### DIFFERENTIAL GEOMETRY COURSE

19. DEVELOPMENT

Definition 167 : We call a surface developable if it is a bent of a plane, so if it is isometric to a plane.

Proposition 168 : Any ruled surface whose tangent plane is constant along each rule, is developable.

Proof: Let z(s) be an orthogonal trajectory of the rules, where the parameter s is arc length.
Let v(s) be a unit normal in the direction of the rule, so that y(s,u) = z(s) + u v(s) is a parametrization of the ruled surface.
Because the tangent plane is constant along each rule, so for each s the same plane for all u, the three vectors v ' , z ' and v all are lying in the plane through the origin parallel to the tangent plane.
Since ||v|| = 1, v ' is perpendicular to v, and so is the direction vector z ' of the orthogonal trajectory.
So v ' (s) = λ(s) z ' (s). We can now check by simple calculation that a1 1 = (1+uλ)2, a1 2 = 0, and a2 2 = 1.
Now draw a planar curve x(s) with κ(s) = -λ(s), and let n(s) be the principal normal vector of x(s). According to Frenet we have n ' = -κ x ' = λ x ' .
Check by calculation that y(s,u) → x(s) + u n(s) is an isometry from the ruled surface to the plane wherein x(s) is lying. To do this, you only have to calculate the first fundamental form of this plane with this parametrization.

Explanation 169 : We call the curve x(s) trace curve of z(s). We get it as a trace of z(s) if we draw z(s) with wet ink on the ruled surface and roll the surface over the plane. Since the tangent plane is constant along the rule, this rolling also gives the isometry (development).

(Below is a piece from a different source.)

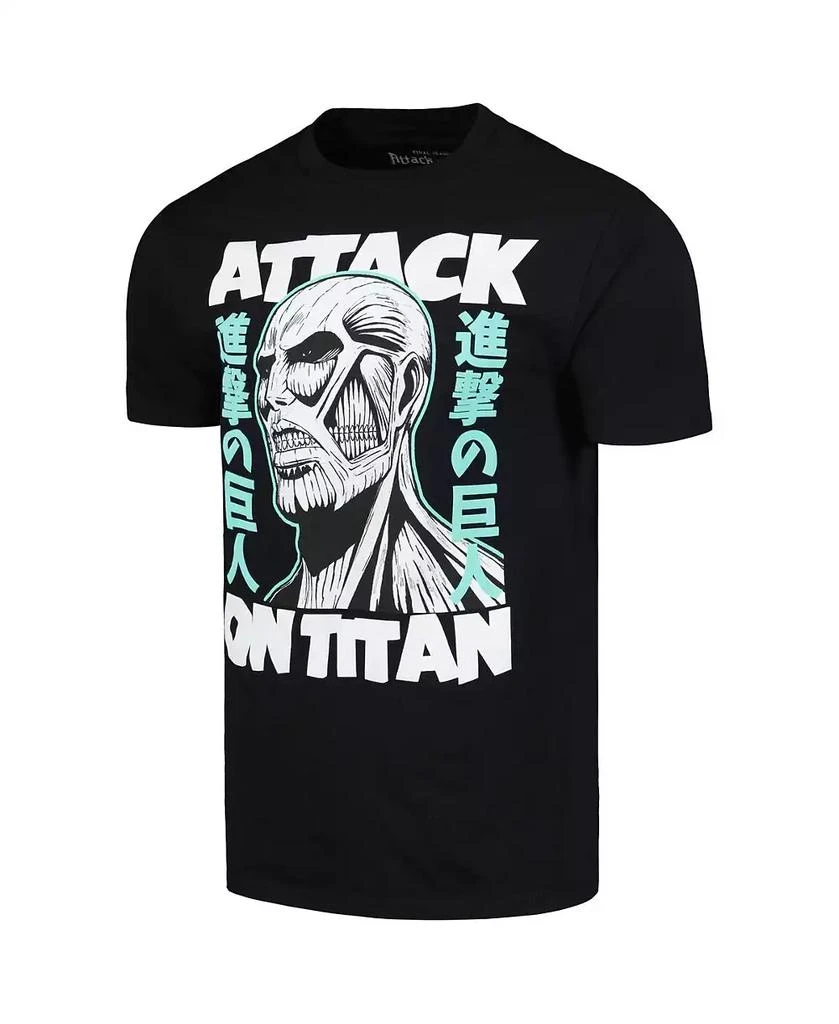 Ripple Junction Men's Black Attack on Titan Graphic T-Shirt 2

Remark 170 : Proposition 168 is convertible. Also see 163 and 164.

Problem 171 : Check the following assertions in the context of the proof of 168.
i) For the second fundamental form we find h1 1 = (1+uλ) z ". N , h1 2 = v ' . N = 0, h2 2 = 0 . N = 0.
ii) According to 152, z(s) and the rules are curvature lines.
iii) According to 141, the rules are asymptotic lines. The total curvature is 0 everywhere (see 151). Each point is parabolic (see 134 2) ).